2. If I am not writing a story about someone in a coat of some kind, then I am writing a story about a post-human singularity…in which robots wear coats.

3. This looks like a still from a fantastic movie. It is, in fact, a still from One Night with the King, which is an absolutely terrible movie you will be seeing more of shortly.

4. Ditto. This is from Bathory. Not pictured: Hans Matheson painting a portrait of a baby that’s been stored inside the block of ice. (Oh, it happens.)

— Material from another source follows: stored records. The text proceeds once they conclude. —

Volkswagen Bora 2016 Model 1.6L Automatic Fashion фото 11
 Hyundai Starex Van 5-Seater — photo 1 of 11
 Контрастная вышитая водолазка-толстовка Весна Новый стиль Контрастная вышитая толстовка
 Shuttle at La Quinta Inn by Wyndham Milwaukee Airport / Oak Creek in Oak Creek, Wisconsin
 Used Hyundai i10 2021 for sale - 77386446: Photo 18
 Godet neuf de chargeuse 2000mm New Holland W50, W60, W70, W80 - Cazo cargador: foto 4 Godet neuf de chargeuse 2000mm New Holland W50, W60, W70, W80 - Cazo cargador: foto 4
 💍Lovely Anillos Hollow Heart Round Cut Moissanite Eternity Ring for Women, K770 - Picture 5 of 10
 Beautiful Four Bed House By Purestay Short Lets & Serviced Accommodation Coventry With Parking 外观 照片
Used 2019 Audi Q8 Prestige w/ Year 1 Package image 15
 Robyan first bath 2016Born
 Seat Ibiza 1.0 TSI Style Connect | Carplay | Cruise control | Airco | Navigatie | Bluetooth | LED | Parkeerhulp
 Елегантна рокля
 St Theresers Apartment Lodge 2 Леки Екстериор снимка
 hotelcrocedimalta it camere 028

5. This is a picture of a juggler. Technically, he’s from an Anthropologie catalog, and he’s probably just a juggler because Hans Matheson found another stand-in. In my imagination, he’s my imaginary circus boyfriend. His name is Ben. You will probably see him again.

6. The novel currently with my agent takes place in a river city. This picture was from , and the time between me seeing it and me right-click-saving cannot be measured with modern instruments.

7. My next novel is set in the 1920s. Researching dance crazes of the time is repellent, grueling work that I absolutely do not enjoy whatsoever, but it has to be done.

8. Because it’s never the wrong time to watch Gleaming the Cube.

9. Inception. I have a piece about this movie lined up for Tor.com; in the meantime, just know that Joseph Gordon-Levitt must have signed an extra wire-work clause or something.


Jun 24 2010

Jonah Hex

Missing from photo: Josh Brolin making “Pew pew!” noises.

If this year’s speculative-cinema offerings have taught us anything, it’s that many speculative movies are bad. Many of them are very bad. But every once in a while, a movie comes along that is so gleefully bad, so delightfully awful, so surreally self-serious, that it transcends every rubric of quality and ascends in the camp canon as unintentional comedy gold.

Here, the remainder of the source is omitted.